Taking action: Cooler cities, safer people
So what can cities do to reduce heatwave risks? The campaign produced compelling evidence that actions by urban planners, neighborhood associations, health systems, and weather forecasters can protect citizens and infrastructure during heatwaves.
Bold actions to address heat impacts have already been set out in the Climate Action Plan (Johannesburg) and the Climate Change Response Strategy and Green City Action Plan (Ekurhuleni), which the newly collected evidence will help to further elaborate and concretize.
The campaign measurements confirmed the benefits of expanding green infrastructure in those neighborhoods that lack it: even a few large, shady trees provide sufficient heat stress reduction to make public spaces suitable for outdoor work or sports games during hot spells.
Thermal imagery confirmed that white-painted walls experience surface temperatures tens of degrees lower than dark-painted equivalents; such materials offer a "double win" of lowering temperatures while reducing cooling energy demand that places energy systems under strain.
Driving progress through partnerships and science
With the world’s eyes on this week’s COP27 climate talks, where a short film summarizing this study will be shown, the campaign offers lessons to other cities that are strengthening heatwave preparedness.

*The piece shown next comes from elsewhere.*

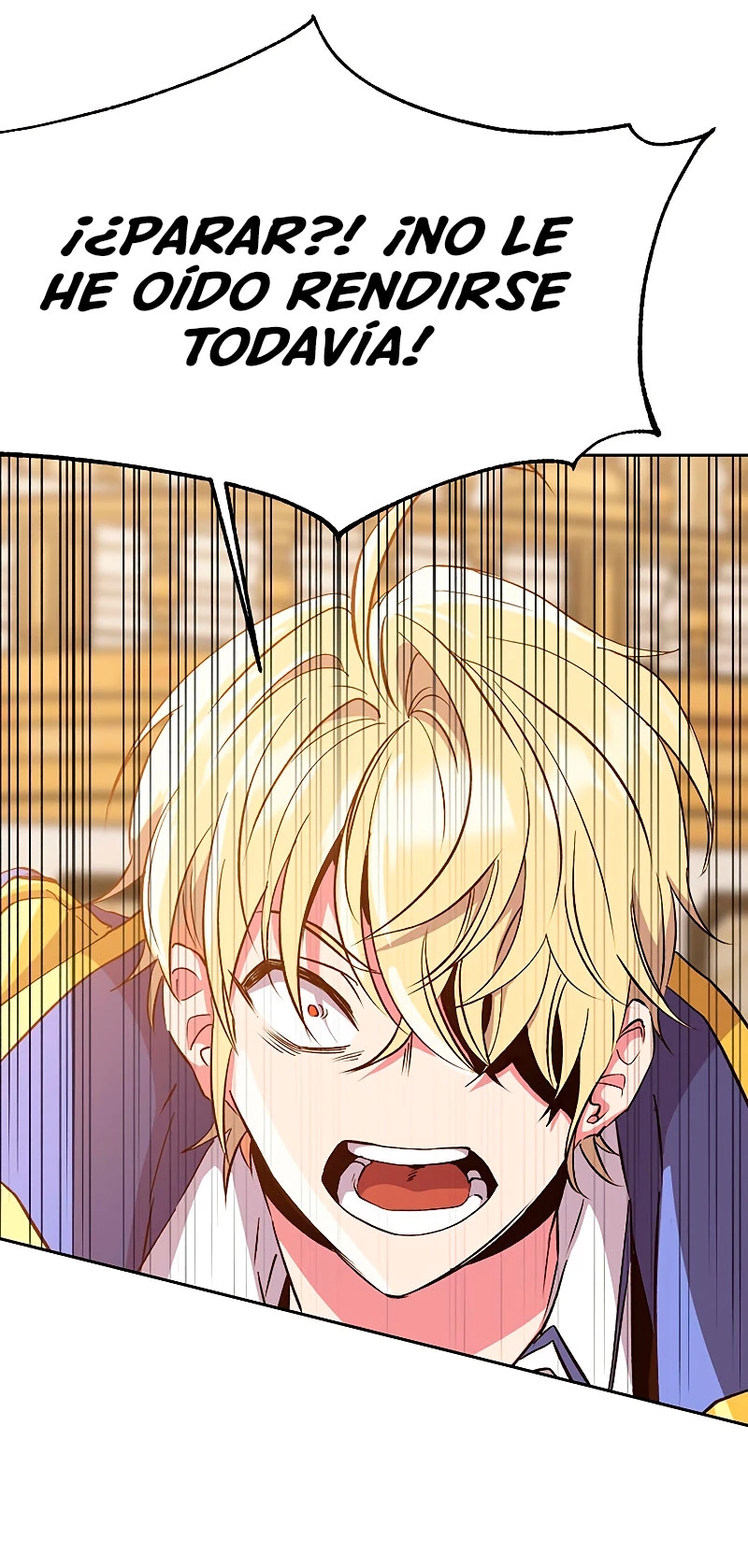 Archimago trascendiendo a través de la regresión Capítulo 14 - Page 15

First, due care in measurement approaches is needed. There is no substitute for on-the-ground measurement of near-ground air temperature and humidity, the factors that directly translate into heatwave deaths and economic losses.

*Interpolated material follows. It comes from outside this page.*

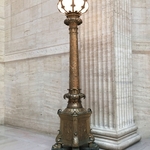 Union Station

Second, focus on vulnerable people and the places where heat affects them. Mapping heat is essential to understanding and reversing historical inequalities that magnify the impacts of climate change on affected communities. It is also an essential step to devise effective protection measures, whether through increased vegetation, greener buildings, public health outreach, or heatwave alerts via text message, TV, or radio.

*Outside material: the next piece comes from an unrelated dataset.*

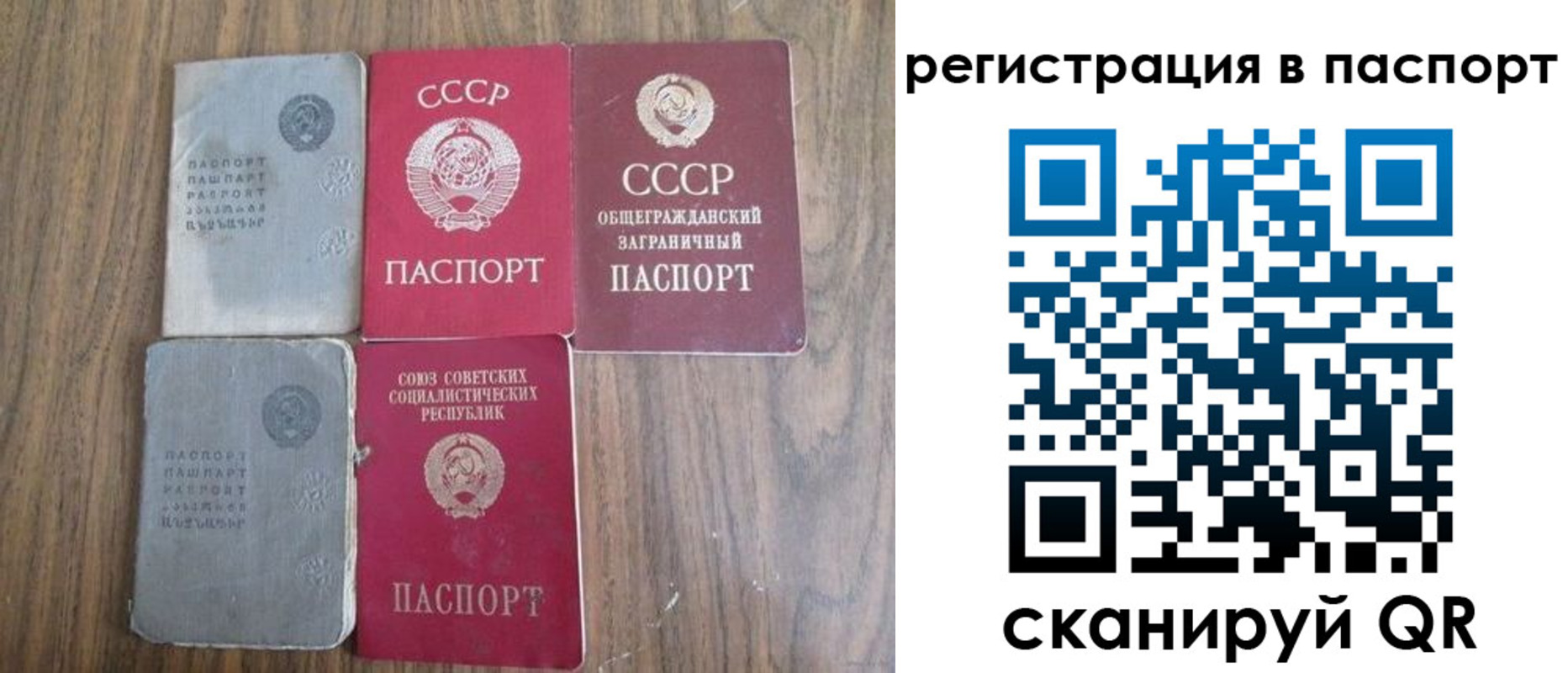 временная регистрация госуслуги в Ненецком АО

Third, strengthen the "action coalition." Preparing for tomorrow’s heatwaves will require many stakeholders at the table: from health authorities to transport agencies, planners to energy utilities. Citizen engagement in heat measurement helps deepen the partnership.
As global temperatures mount, cities urgently need scientific knowledge and energized partnerships for heat mitigation. Building on such information, climate action can help the citizens of Alexandra get through the next heatwave equally well as the citizens of Sandton.